Perhaps the most interesting and intelligent of the bunch (besides the filmmaker himself) are Luke Weil, heir to the Autotote gaming empire, and Carlo von Zeitschel, heir to the German Kaisers (presumably the House of Hohenstaufen). Weil appears to be struggling with opposing tendencies in his soul: On the one hand, he finds the life he leads as vacuous and empty and on the other hand, he looks at the alternatives and finds them wanting too. Same with von Zeitsche. Later we discover that Weill sued the filmmaker for defamation of character but lost.
Obviously all of these young men and women faced the intense desire to be loved and to belong to the rest of humanity even while realizing that they simply, through accident of birth, were special and did not belong to the masses. The question then became what do you do then? Most settle on developing some excellence of their own whether it be competitive fencing, competitive horsemanship, historical interests, fashion, real estate development and so on. After sitting through this documentary one develops an admiration for the ways in which these young people have navigated the treacherous waters of wealth and how wealth sets them apart from all others, thus making them objects of envy in a very real sense making them ‘sacred’.
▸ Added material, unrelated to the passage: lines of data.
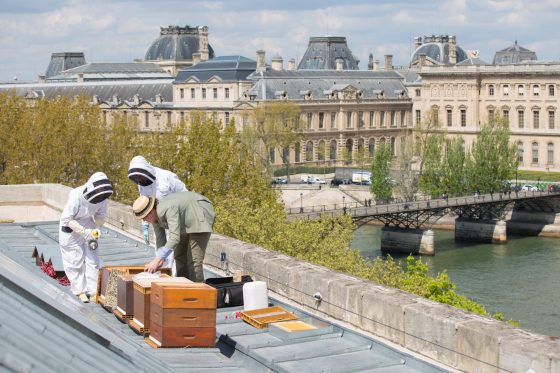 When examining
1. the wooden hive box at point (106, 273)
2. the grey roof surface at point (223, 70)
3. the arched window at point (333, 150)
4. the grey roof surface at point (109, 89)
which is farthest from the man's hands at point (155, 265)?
the grey roof surface at point (109, 89)

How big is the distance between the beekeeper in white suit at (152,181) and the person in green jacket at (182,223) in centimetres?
41

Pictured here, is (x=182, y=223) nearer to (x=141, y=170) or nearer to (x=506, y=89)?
(x=141, y=170)

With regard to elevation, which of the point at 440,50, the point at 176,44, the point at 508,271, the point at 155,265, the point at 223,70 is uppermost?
the point at 176,44

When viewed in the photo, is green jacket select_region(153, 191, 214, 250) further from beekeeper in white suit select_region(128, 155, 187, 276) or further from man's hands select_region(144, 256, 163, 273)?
beekeeper in white suit select_region(128, 155, 187, 276)

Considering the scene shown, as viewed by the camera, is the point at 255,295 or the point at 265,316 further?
the point at 255,295

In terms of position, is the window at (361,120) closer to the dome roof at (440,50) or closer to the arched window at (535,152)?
the arched window at (535,152)

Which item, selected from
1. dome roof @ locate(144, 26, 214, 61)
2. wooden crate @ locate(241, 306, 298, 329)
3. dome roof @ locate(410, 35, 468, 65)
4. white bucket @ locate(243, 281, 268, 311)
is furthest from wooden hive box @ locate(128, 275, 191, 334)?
dome roof @ locate(144, 26, 214, 61)

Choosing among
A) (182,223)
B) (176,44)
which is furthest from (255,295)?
(176,44)

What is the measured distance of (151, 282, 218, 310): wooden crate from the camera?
31.6 ft

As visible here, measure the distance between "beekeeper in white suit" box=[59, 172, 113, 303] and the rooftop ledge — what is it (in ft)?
6.01

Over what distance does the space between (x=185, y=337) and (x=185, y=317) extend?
20cm

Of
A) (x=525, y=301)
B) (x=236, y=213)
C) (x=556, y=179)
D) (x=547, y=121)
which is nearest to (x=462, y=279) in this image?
(x=525, y=301)

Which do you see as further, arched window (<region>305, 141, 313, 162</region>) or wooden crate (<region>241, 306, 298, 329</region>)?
arched window (<region>305, 141, 313, 162</region>)

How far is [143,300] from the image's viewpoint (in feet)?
33.8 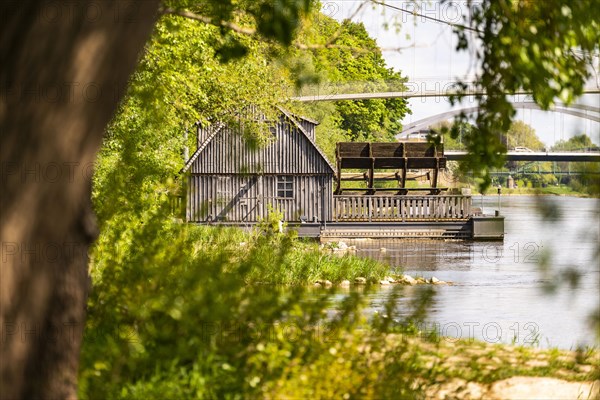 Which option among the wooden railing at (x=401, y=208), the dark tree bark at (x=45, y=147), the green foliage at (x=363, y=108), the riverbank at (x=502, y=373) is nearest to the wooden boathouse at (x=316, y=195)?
the wooden railing at (x=401, y=208)

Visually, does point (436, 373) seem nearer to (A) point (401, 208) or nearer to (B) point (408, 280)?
(B) point (408, 280)

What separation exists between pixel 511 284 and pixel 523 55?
18722 millimetres

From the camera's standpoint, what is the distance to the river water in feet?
15.4

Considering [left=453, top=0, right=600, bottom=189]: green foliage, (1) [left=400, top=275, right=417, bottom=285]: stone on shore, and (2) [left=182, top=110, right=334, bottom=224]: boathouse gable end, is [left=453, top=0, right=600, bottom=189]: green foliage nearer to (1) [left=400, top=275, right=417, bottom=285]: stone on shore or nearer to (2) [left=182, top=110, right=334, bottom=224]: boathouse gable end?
(1) [left=400, top=275, right=417, bottom=285]: stone on shore

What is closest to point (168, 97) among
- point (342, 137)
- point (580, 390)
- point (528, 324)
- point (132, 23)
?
point (528, 324)

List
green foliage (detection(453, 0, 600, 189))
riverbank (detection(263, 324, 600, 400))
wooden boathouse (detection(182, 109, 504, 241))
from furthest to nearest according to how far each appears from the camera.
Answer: wooden boathouse (detection(182, 109, 504, 241))
green foliage (detection(453, 0, 600, 189))
riverbank (detection(263, 324, 600, 400))

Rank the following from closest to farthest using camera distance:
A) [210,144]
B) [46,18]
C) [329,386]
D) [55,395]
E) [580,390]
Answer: [46,18]
[55,395]
[329,386]
[580,390]
[210,144]

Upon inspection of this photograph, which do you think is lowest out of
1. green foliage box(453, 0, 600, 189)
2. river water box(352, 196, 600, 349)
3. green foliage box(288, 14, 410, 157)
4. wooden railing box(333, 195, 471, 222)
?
river water box(352, 196, 600, 349)

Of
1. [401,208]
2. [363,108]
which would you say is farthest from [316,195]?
[363,108]

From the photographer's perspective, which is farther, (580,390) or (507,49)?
(580,390)

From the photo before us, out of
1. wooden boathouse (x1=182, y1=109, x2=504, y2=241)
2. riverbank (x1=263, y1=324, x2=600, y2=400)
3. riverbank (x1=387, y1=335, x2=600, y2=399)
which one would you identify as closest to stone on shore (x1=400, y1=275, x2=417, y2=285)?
wooden boathouse (x1=182, y1=109, x2=504, y2=241)

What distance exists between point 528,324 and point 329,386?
11760 millimetres

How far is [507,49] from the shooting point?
6156mm

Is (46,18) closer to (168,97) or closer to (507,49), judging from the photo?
(507,49) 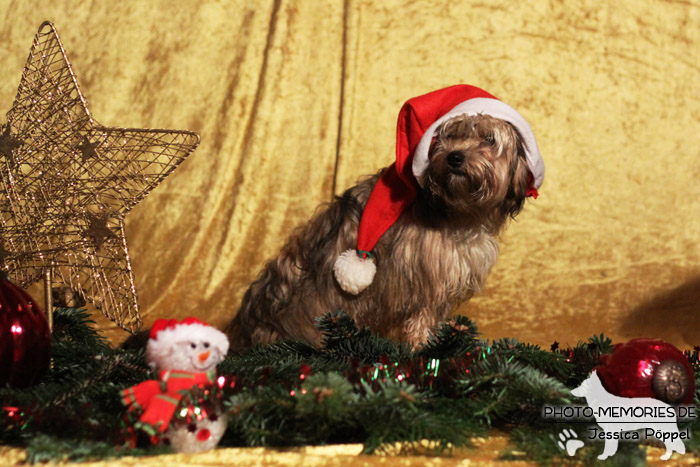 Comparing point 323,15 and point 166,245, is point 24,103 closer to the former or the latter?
point 166,245

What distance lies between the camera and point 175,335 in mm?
1569

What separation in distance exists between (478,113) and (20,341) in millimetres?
1655

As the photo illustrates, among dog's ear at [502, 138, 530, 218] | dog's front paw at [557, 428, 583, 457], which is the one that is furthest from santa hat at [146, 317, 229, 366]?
dog's ear at [502, 138, 530, 218]

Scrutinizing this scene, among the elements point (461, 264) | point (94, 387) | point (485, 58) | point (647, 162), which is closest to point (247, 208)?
point (485, 58)

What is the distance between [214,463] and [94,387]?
415 mm

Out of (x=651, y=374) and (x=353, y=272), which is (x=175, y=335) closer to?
(x=651, y=374)

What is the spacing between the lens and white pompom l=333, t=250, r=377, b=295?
277 cm

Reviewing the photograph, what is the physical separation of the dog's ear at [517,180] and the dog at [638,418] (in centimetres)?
121

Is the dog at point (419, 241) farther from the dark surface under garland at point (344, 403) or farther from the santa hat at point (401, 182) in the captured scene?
the dark surface under garland at point (344, 403)

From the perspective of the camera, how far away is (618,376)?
5.51 ft

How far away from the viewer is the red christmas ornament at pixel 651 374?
1643mm

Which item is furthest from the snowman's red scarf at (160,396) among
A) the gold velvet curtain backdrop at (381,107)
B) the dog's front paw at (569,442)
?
the gold velvet curtain backdrop at (381,107)

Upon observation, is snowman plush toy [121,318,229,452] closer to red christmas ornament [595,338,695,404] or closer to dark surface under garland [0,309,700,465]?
dark surface under garland [0,309,700,465]

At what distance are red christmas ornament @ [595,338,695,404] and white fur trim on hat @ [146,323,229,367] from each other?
0.88 m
The ‘sacred’ were the ones who were prepped for the sacrifice—they were usually beautiful people, worshipped for a while, treated like Royalty for a while, made the object of envy and then made to carry the sins of the rest of the people. At the end of their allotted period in the Sun, they were sacrificed so that the sins of the community could be destroyed. For a long time the Kings and royalty embodied the excellence, the beauty, power and intelligence all aspired to. When the royal traditions were destroyed by bourgeois modernity the world needed new models of excellence. The world briefly alighted on the ‘rich and famous’ and what is extraordinary is that some of these frail, all too human, human beings carried the burden with grace and intelligence. Nevertheless, it cannot last. Eventually the world will need other models of excellence and divinity.
So, it appears that at least some of the rich and famous deal with resentment by treating it with the contempt it deserves. They take the advice of religion and they do not cast their pearls before swine, as they know that the swine will turn on them and trample them underfoot if they do. This group of the rich and famous seems to have somehow learned the religious lesson concerning deflection of resentment. Other rich and famous people use all kinds of distancing mechanisms to separate themselves from the rich so that they can be treated just like anyone else.
Again, however, these strategies cannot last. As Nietzsche said, resentment is intimately bound up with the religious sense so it needs a religious solution. Individuals need to treat resentment with contempt (i.e. follow Jesus’ advice to not cast your pearls before swine) but societies need some longer-term solution, some way of channeling resentment into socially useful directions. If that is not attempted then those unscrupulous politicians will step into the breach and transform the sentiments of envy and fear of excellence into murderous hatred.